___ Data

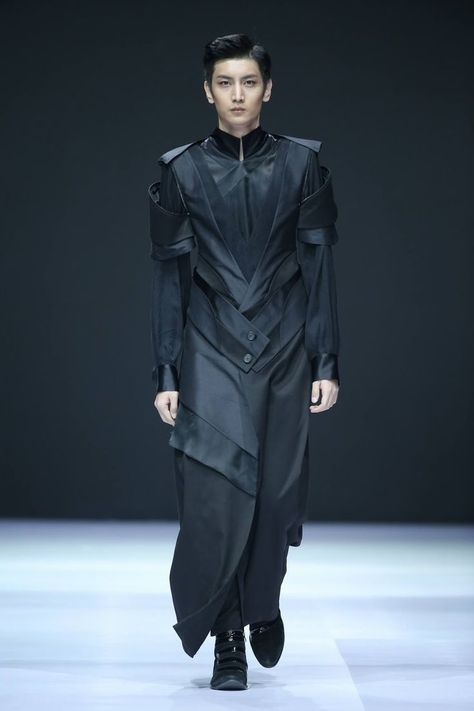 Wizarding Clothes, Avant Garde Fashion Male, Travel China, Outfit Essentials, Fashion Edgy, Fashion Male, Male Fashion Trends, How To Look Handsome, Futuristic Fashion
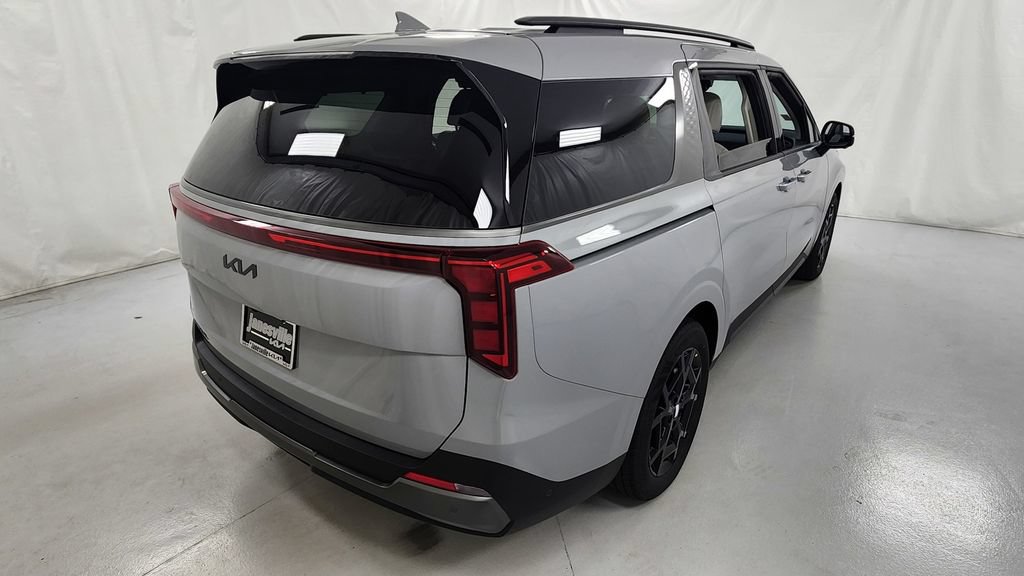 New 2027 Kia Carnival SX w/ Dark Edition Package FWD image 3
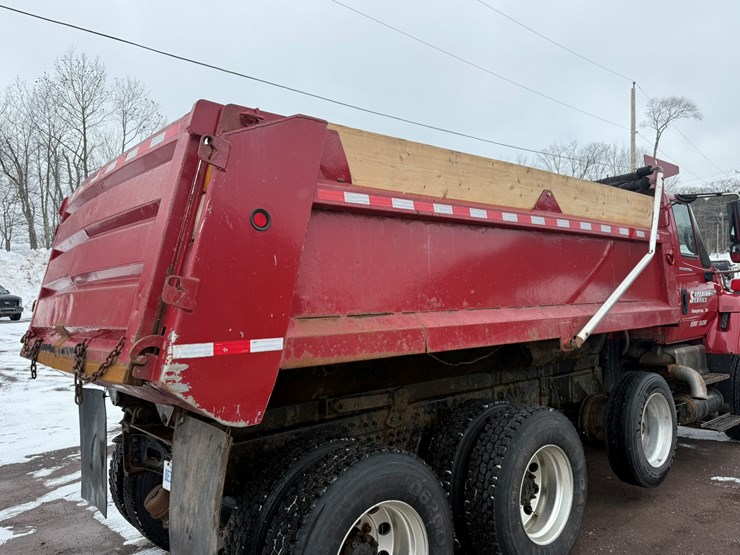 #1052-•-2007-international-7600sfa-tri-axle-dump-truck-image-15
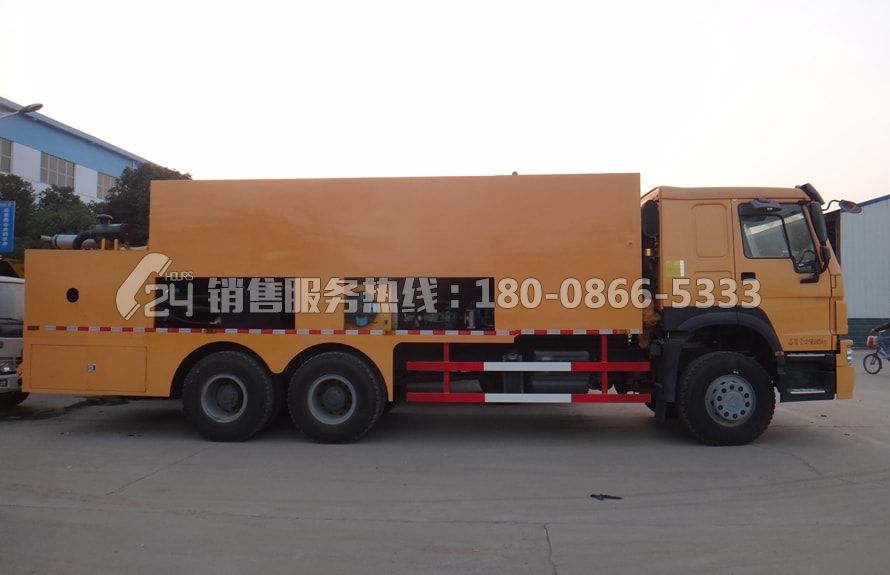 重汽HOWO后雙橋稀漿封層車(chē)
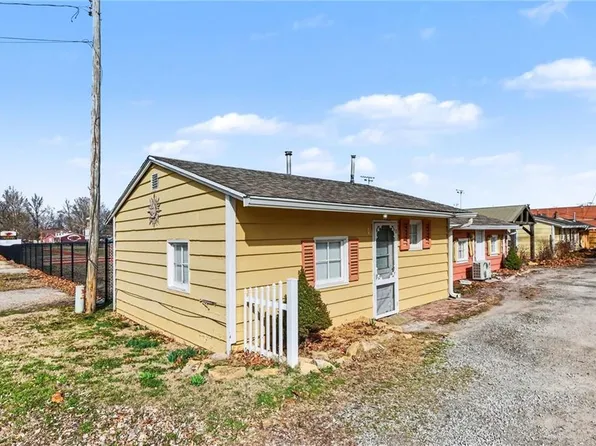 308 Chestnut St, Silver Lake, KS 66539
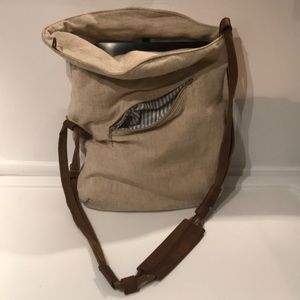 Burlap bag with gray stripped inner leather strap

______
___ Data

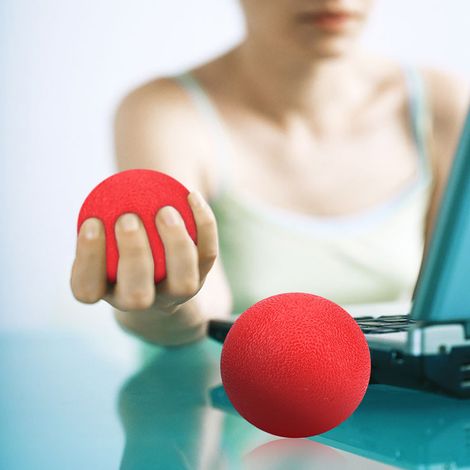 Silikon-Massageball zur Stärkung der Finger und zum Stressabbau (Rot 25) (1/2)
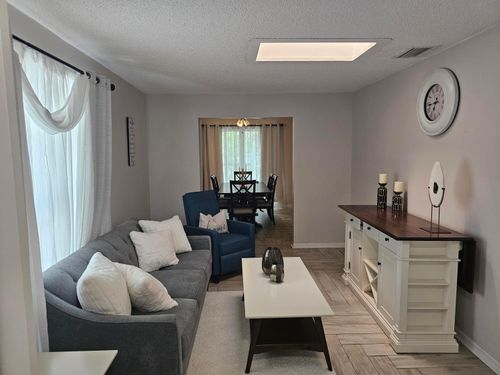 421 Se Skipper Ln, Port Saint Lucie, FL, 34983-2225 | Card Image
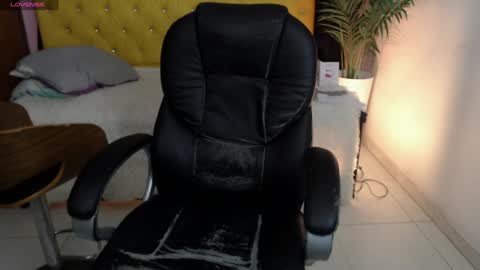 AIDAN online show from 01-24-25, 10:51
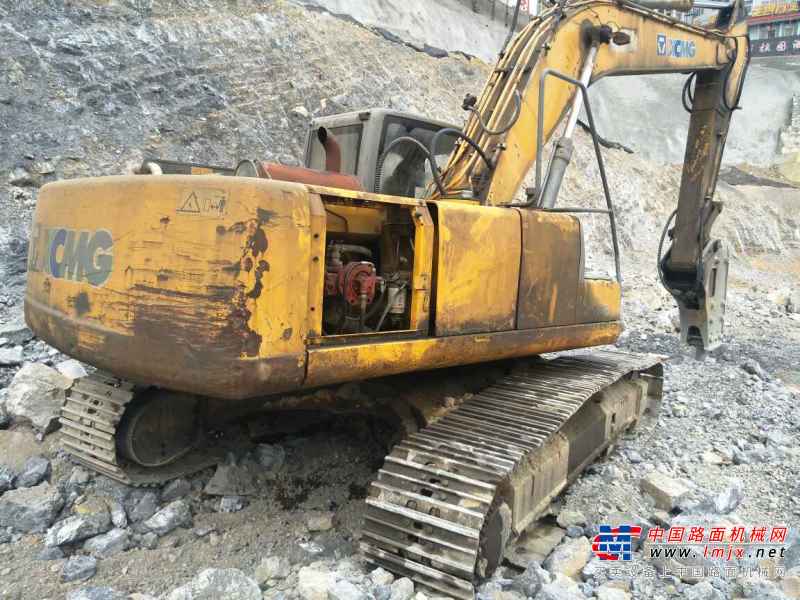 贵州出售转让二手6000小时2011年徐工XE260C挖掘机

______
___ Data

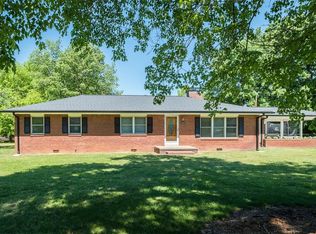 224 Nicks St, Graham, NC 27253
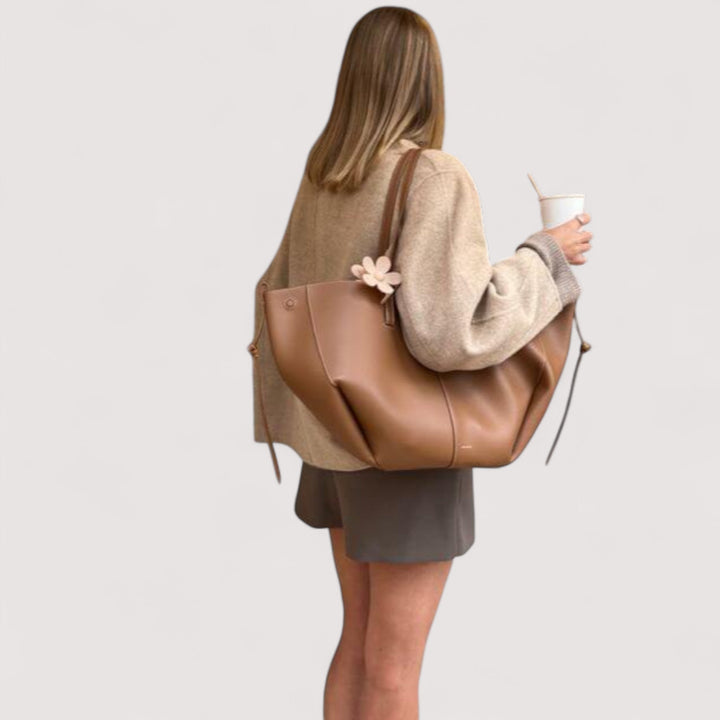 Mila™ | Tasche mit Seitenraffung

______

--- The problem ---
Go back to the listing above and write out the lines starting at the one with "重汽HOWO后雙橋稀漿封層車(chē)" and ending at the one with "Burlap bag with", inclusive, exactly and without pictures.

--- Solution for this exercise ---
 重汽HOWO后雙橋稀漿封層車(chē)
 308 Chestnut St, Silver Lake, KS 66539
 Burlap bag with gray stripped inner leather strap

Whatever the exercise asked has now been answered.